Barlow, Horace, Colin Blakemore, and Miranda Weston-Smith, eds., 1990: Images and Understanding: Thoughts about images: Ideas about understanding, Cambridge University Press, ISBN 0-521-36944-4, $32.95

How do you paint a picture of God, or dance about death, or draw a diagram explaining infinity? Images and Understanding explores the human problem of transferring facts and ideas from one mind to another -- the problem of how we see things. We create images, not just in the form of pictures and diagram, but with words, demonstrations, and even music and dance.

The editors present their findings in six sections: the essence of images, movement, narration, making images, images and thought, and images and meaning. Each section begins with an explanatory introduction and is followed by from internationally distinguished figures in fields and diverse as choreography, psychology, computer science, philosophy and art. Images and Understanding arrives at a new perspective on imagery through the eyes of both science and art, and provides new insights about images and new ideas about understanding.

   

Burke, James and Robert Ornstein, 1995: The Axemaker's Gift: a double-edged history of human culture, Putnam, ISBN 0399140883.
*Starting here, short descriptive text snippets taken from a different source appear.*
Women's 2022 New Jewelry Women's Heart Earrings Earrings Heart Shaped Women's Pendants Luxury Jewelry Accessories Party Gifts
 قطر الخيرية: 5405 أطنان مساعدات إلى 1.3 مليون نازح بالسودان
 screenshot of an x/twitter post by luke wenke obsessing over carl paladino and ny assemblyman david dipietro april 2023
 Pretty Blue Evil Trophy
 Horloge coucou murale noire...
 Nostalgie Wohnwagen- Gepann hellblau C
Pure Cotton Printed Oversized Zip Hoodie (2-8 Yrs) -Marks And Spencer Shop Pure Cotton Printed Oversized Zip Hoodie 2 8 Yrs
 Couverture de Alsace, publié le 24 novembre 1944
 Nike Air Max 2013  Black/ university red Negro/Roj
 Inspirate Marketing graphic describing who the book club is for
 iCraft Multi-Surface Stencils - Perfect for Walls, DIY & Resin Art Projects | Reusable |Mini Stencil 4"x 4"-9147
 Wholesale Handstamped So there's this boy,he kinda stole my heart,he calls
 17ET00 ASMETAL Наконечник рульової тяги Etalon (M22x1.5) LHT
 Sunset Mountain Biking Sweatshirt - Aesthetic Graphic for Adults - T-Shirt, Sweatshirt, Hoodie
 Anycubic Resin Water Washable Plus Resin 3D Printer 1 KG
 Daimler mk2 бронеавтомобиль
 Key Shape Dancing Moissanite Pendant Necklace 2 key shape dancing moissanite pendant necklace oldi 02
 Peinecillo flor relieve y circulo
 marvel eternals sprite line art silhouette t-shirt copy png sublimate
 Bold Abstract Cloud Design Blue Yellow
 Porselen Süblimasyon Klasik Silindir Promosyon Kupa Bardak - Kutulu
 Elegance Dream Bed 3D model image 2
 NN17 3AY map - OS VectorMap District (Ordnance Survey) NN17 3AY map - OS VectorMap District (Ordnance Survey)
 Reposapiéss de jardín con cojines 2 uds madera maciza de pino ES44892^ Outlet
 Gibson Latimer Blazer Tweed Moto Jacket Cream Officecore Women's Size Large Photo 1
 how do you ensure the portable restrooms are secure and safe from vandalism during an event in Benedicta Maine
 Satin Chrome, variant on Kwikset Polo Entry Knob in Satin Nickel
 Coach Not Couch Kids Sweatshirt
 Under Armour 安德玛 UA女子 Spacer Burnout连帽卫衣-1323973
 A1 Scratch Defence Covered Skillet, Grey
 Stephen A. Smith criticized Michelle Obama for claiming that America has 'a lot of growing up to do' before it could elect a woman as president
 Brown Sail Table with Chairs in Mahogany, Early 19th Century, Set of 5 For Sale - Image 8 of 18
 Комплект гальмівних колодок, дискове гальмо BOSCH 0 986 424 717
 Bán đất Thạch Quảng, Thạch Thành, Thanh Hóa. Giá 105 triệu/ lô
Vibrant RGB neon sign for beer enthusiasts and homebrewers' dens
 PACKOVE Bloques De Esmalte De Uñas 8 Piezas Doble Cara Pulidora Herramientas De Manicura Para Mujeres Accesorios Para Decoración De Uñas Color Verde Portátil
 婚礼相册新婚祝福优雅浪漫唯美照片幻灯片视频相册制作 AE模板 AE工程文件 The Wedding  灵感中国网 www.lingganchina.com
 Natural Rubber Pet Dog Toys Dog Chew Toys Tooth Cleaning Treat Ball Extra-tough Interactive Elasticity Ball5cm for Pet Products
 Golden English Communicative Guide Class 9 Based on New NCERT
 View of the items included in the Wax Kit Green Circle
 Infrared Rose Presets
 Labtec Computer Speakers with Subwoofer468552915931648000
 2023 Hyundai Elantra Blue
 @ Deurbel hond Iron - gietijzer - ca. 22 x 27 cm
Using the whole of human history and Western culture as its canvas, this book shows how, at each major stage of innovation, from the first stone axe to the supercomputers of today's world, those few with the capacity for sequential analysis (the axemakers) generated technologies that gave them the power with which to control and shape the rest of their community. The other, older kinds of knowledge, born of intuition and the brain's multiple nonverbal talents, were undervalued and largely ignored. Now, the authors say, the cumulative effects of axemaker technology have brought us to the point where it is possible -- and imperative for our survival -- to bring back into use those ancient forms of knowledge, still resident in the non-axemaker cultures of the modern world.

   

Gershenfeld, Neil, 1999: The Nature of Mathematical Modeling, Cambridge University Press, hardcover.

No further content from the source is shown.